§ GIVEN DATA:
Segment Open

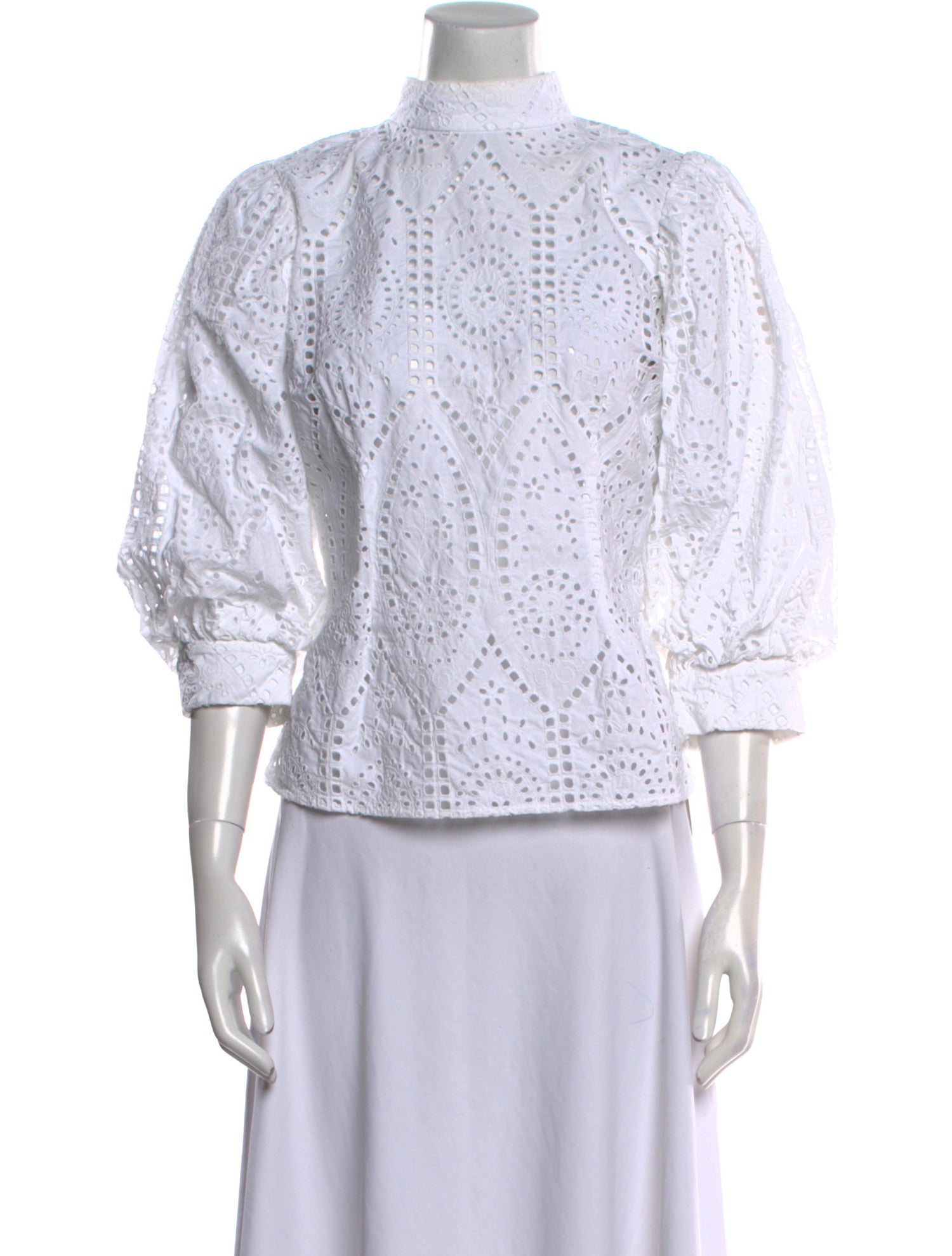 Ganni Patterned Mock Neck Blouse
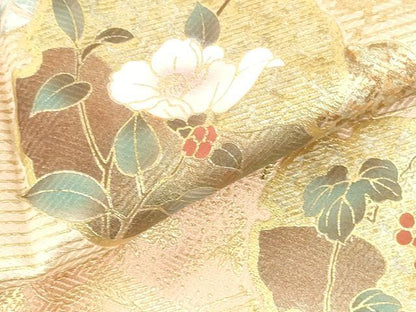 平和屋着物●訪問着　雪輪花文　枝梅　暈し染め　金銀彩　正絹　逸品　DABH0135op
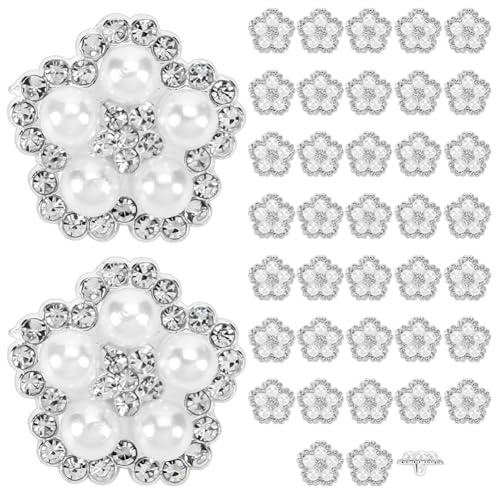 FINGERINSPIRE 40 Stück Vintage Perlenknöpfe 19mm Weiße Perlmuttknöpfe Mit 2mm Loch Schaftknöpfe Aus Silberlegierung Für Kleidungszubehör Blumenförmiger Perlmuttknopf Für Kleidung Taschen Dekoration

Segment Closed
Segment Open

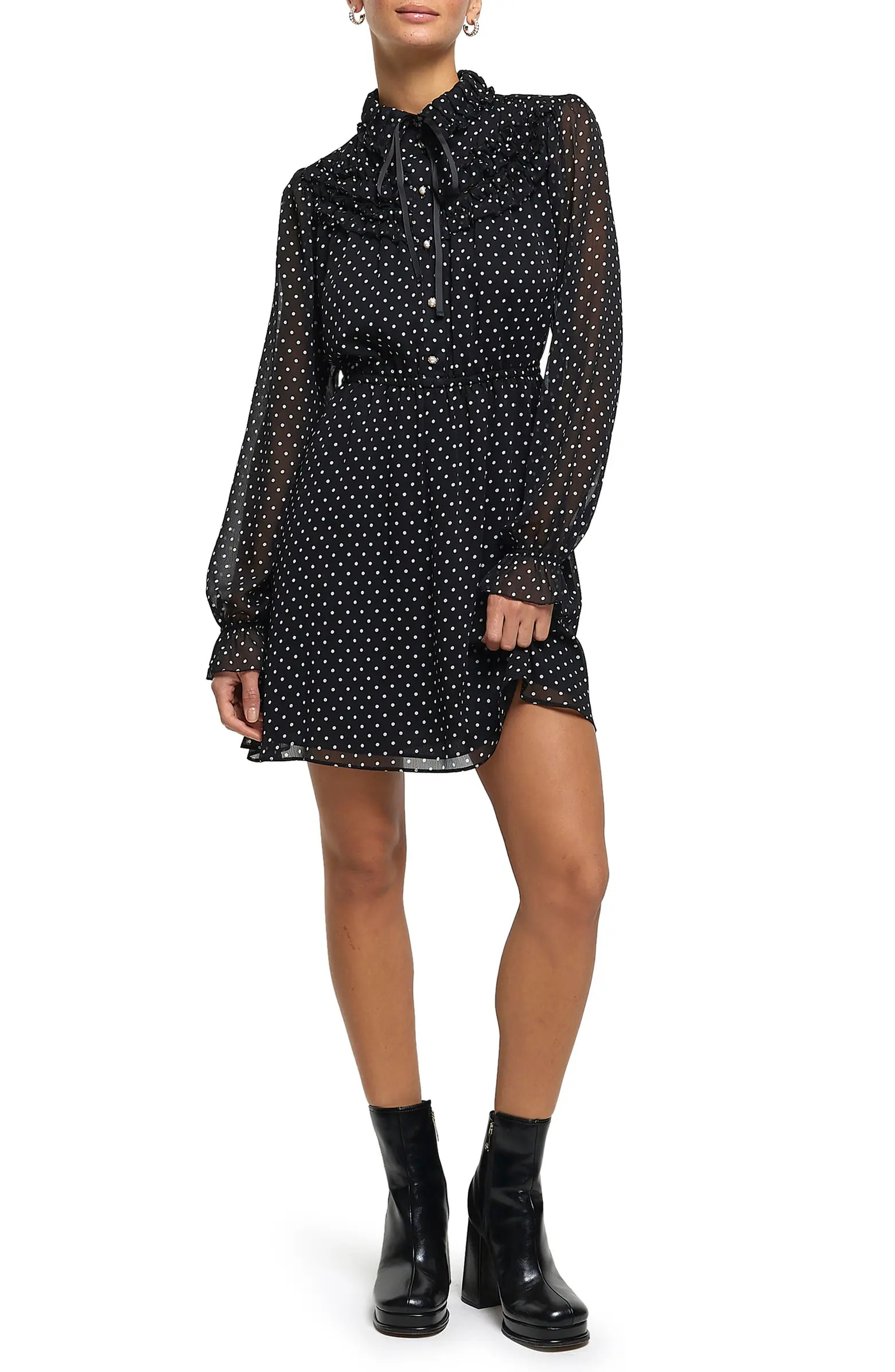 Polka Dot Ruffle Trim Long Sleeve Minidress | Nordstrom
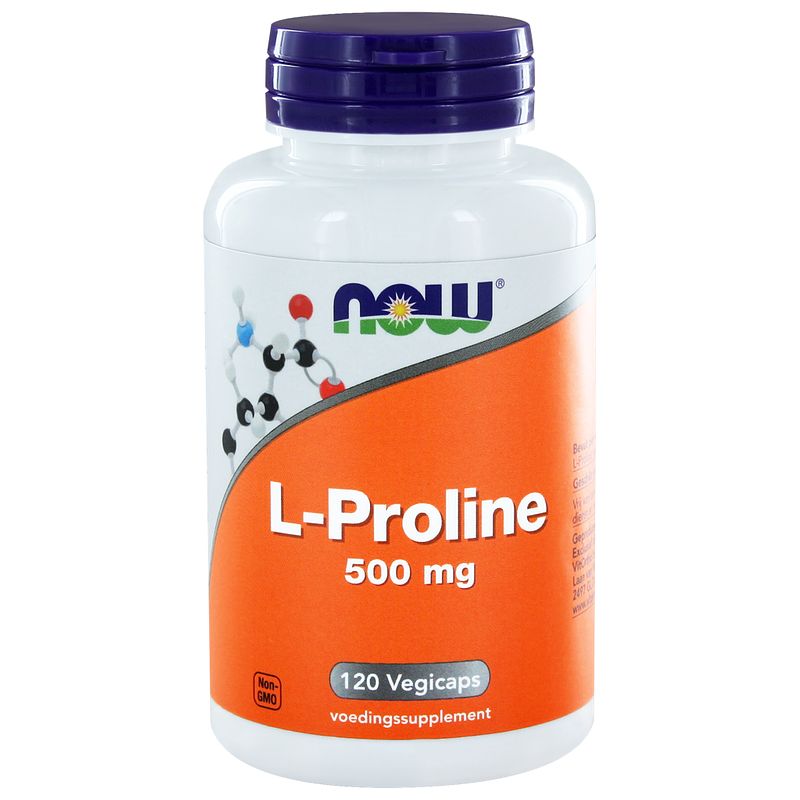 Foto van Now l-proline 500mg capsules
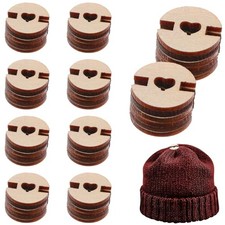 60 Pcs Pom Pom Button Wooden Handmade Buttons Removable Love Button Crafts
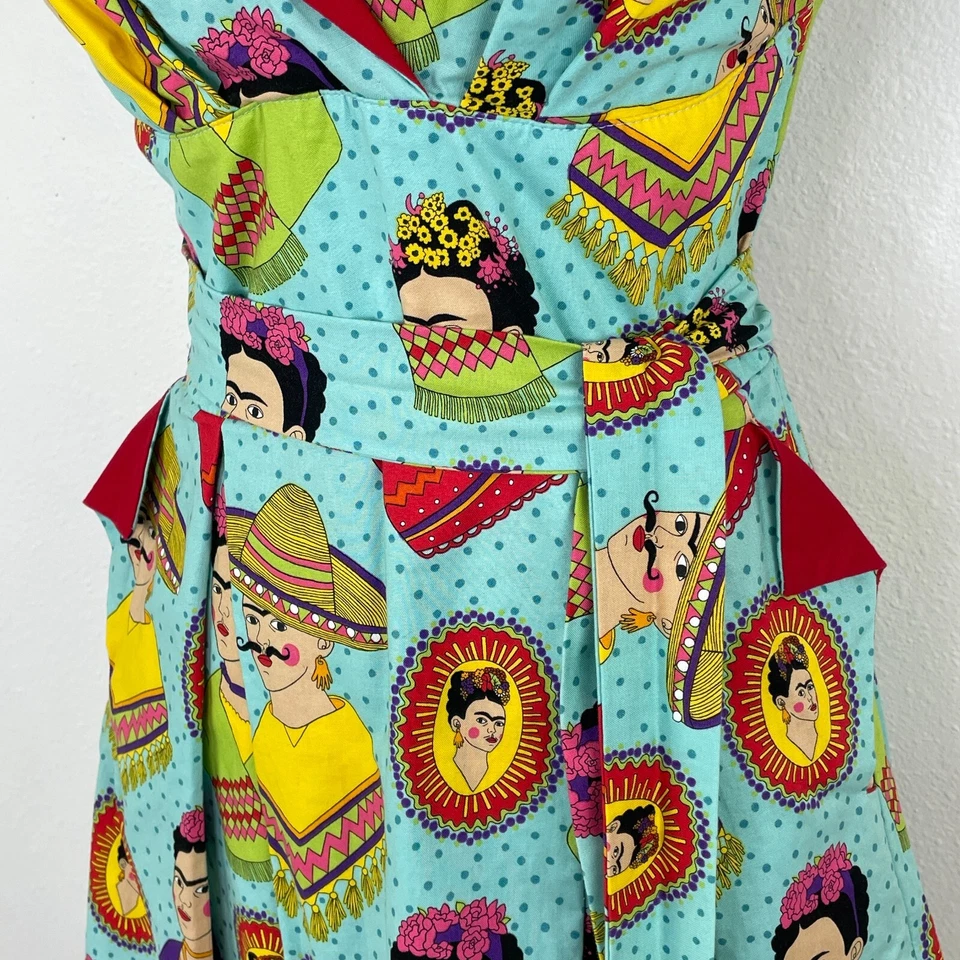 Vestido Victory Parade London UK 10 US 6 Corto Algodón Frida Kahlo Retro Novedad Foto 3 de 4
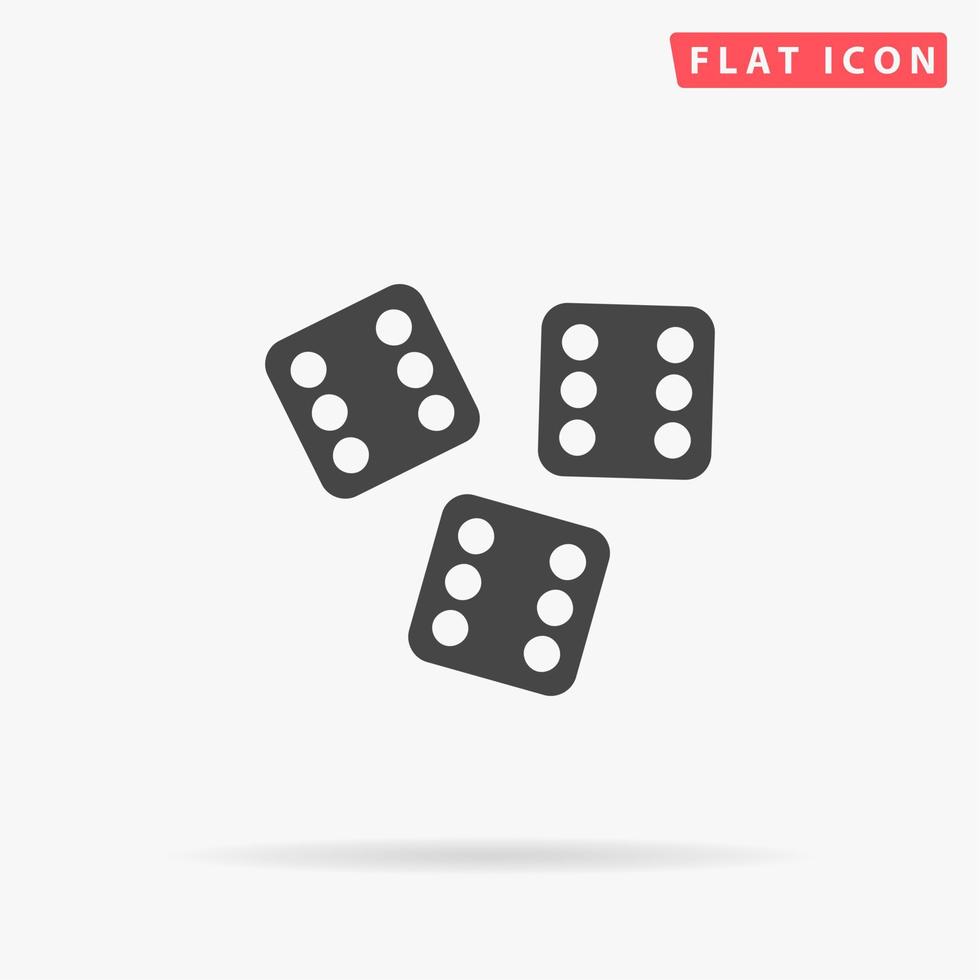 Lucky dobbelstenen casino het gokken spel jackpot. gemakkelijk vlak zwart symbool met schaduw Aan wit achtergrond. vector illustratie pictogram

Segment Closed
Segment Open

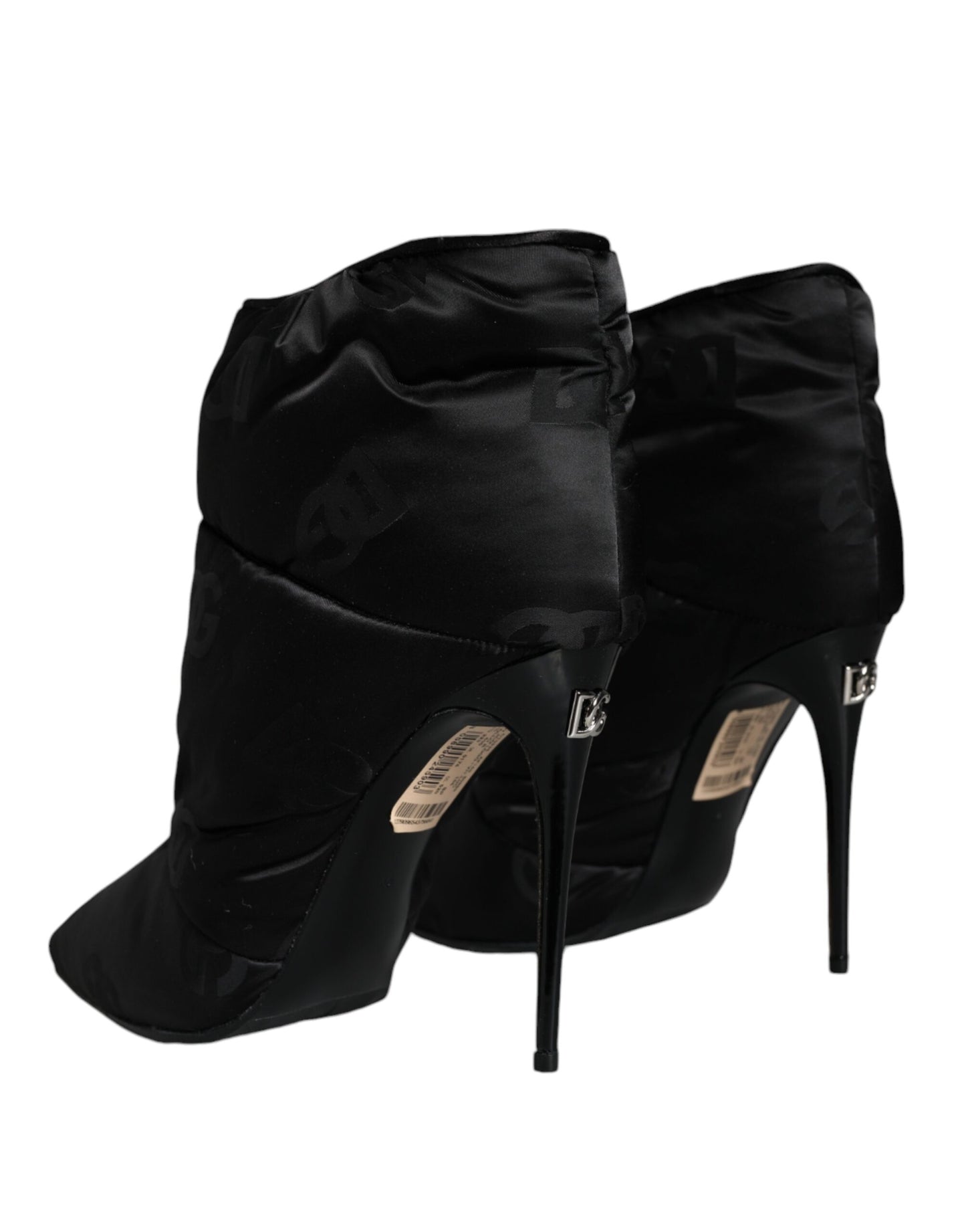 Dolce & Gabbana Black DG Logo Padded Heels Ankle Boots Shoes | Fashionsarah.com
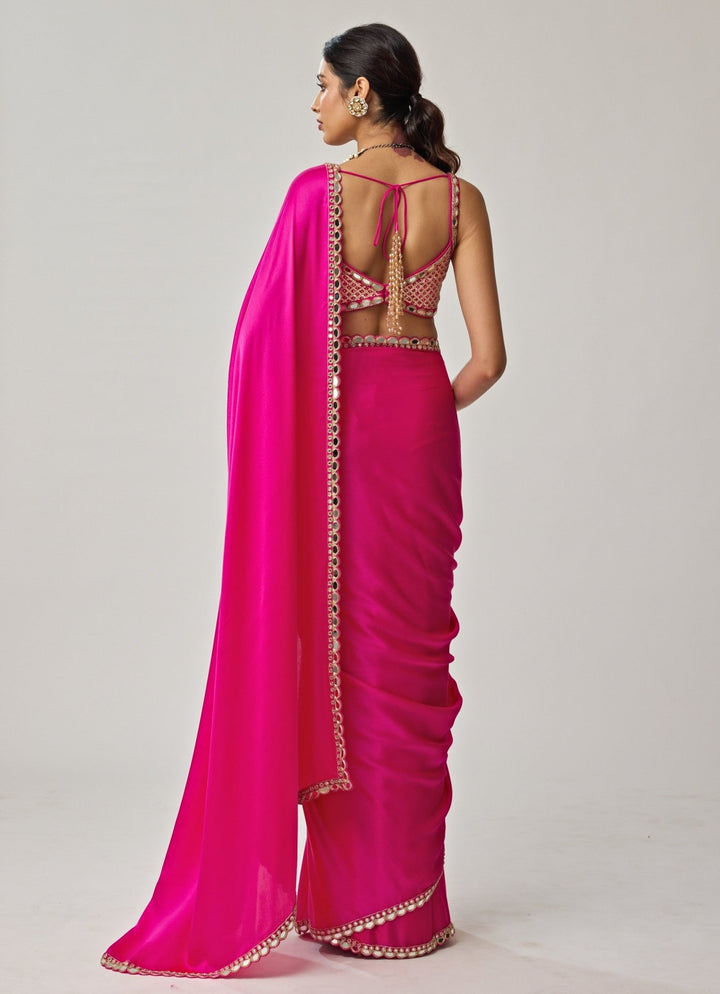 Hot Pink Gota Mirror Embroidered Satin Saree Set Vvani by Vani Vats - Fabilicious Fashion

Segment Closed

§ ABOUT THIS TASK:
The answer is the lines of the material above, from the one containing "Dolce & Gabbana" down to the one containing "Hot Pink Gota", given exactly and without images.

§ SOLUTION:
 Dolce & Gabbana Black DG Logo Padded Heels Ankle Boots Shoes | Fashionsarah.com
 Hot Pink Gota Mirror Embroidered Satin Saree Set Vvani by Vani Vats - Fabilicious Fashion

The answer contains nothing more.